*What needs to be done*. After finding the line with "Produktbild von STOLMAK", restate it and each remaining line of the material word for word, omitting every picture.
◆ ◆ ◆ ◆
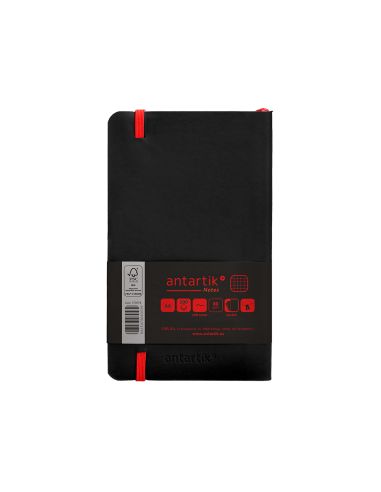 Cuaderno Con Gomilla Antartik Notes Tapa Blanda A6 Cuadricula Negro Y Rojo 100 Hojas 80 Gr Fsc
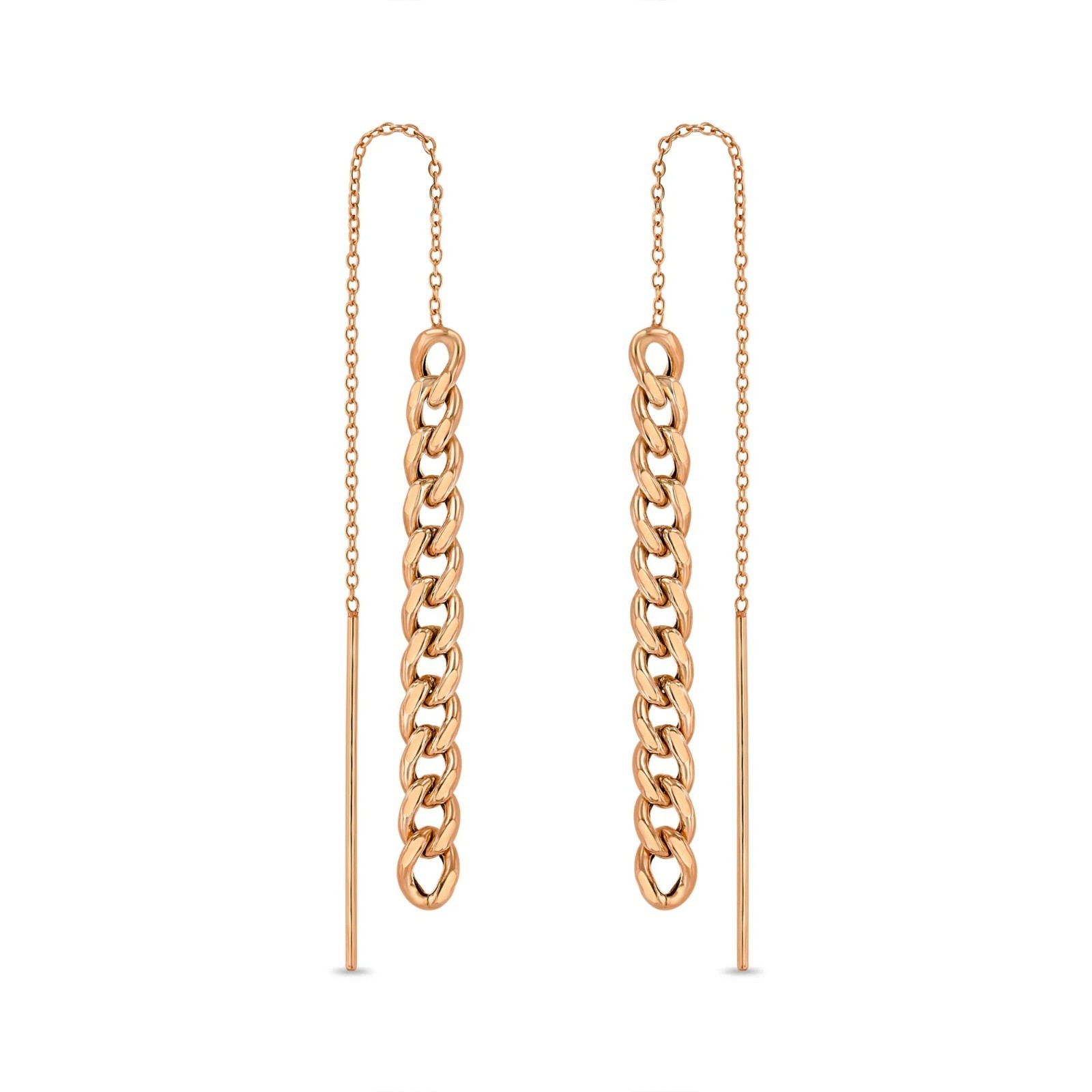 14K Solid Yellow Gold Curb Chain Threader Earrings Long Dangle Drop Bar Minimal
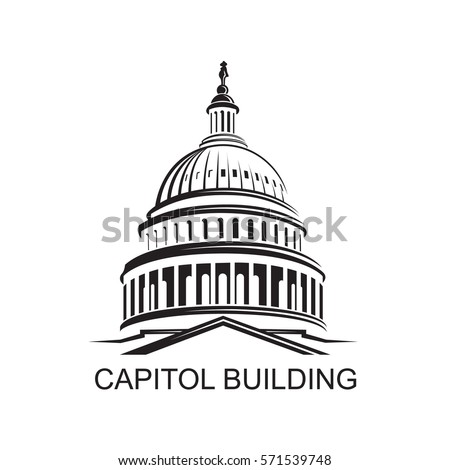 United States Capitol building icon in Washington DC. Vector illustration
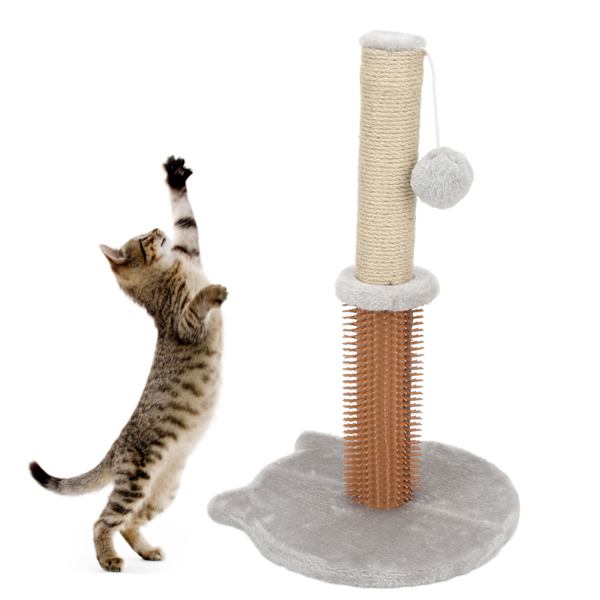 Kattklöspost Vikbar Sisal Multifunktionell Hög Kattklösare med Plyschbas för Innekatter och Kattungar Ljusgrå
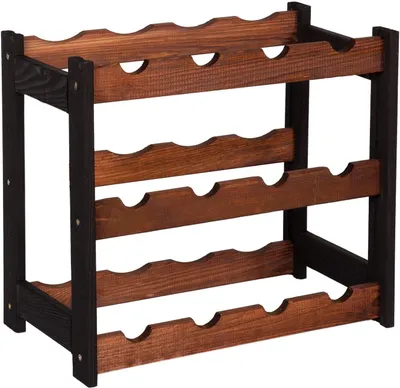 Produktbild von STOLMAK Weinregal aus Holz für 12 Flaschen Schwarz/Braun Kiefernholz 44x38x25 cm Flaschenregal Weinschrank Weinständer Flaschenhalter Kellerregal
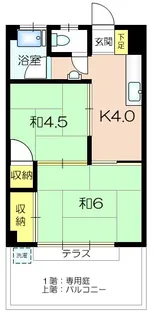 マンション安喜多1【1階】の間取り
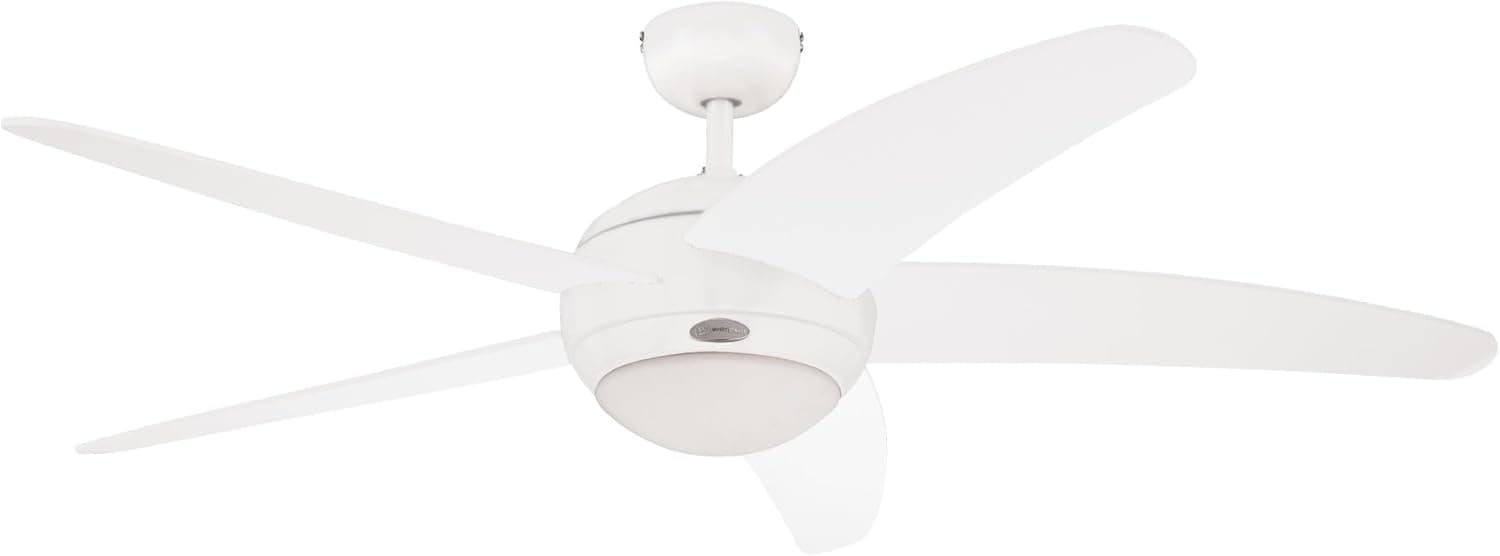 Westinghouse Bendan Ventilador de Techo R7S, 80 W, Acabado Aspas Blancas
◆ ◆ ◆ ◆
*Task solution*.
 Produktbild von STOLMAK Weinregal aus Holz für 12 Flaschen Schwarz/Braun Kiefernholz 44x38x25 cm Flaschenregal Weinschrank Weinständer Flaschenhalter Kellerregal
 マンション安喜多1【1階】の間取り
 Westinghouse Bendan Ventilador de Techo R7S, 80 W, Acabado Aspas Blancas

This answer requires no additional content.